I restauri saranno effettuati dalla ditta Archeosistemi di Reggio Emilia sotto la direzione scientifica del laboratorio di restauro della Soprintendenza per i Beni Archeologici dell’Emilia-Romagna
Esperti della Soprintendenza effettueranno inoltre le analisi biologiche dei reperti botanici (con particolare riferimento ai pollini) e zoologici rinvenuti durante lo scavo del condotto

Ipotesi di valorizzazione
Data l'importanza dei manufatti e l'interesse suscitato dal loro rinvenimento, sono attualmente in corso di studio interventi di valorizzazione: trattandosi di strutture in terracotta, l’asportazione dal luogo dei ritrovamento è stata relativamente agevole, così come relativamente facili si prospettano le operazioni di rimontaggio per la sua fruizione in uno spazio adeguato.

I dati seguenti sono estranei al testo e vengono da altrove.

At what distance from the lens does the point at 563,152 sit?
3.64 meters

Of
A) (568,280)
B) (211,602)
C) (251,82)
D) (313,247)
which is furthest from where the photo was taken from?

La Soprintendenza per i Beni Archeologici dell’Emilia-Romagna e i Musei Civici di Reggio Emilia stanno vagliando un’esposizione al pubblico strutturata in due fasi. La prima è legata all'allestimento di una mostra sul tema dell'acqua collegata all’esposizione itinerante “AQUAE”, che potrebbe toccare Reggio Emilia contestualmente all’inaugurazione del manufatto. La mostra, che potrebbe essere allestita presso il Chiostro di S. Domenico a Reggio Emilia, affronterà in senso diacronico tutti gli aspetti della gestione dell'acqua nel territorio reggiano, dai pozzi neolitici ai canali delle terramare dell'età del Bronzo, dai pozzetti dell'età del Ferro alla regimazione delle acque in età romana, dai canali rinascimentali alle grandi bonifiche di epoca recente. La mostra “AQUAE” servirà a introdurre le tematiche di quella di Reggio Emilia, il cui culmine è rappresentato dalla riproposizione del nuovo acquedotto romano rinvenuto presso l'ospedale.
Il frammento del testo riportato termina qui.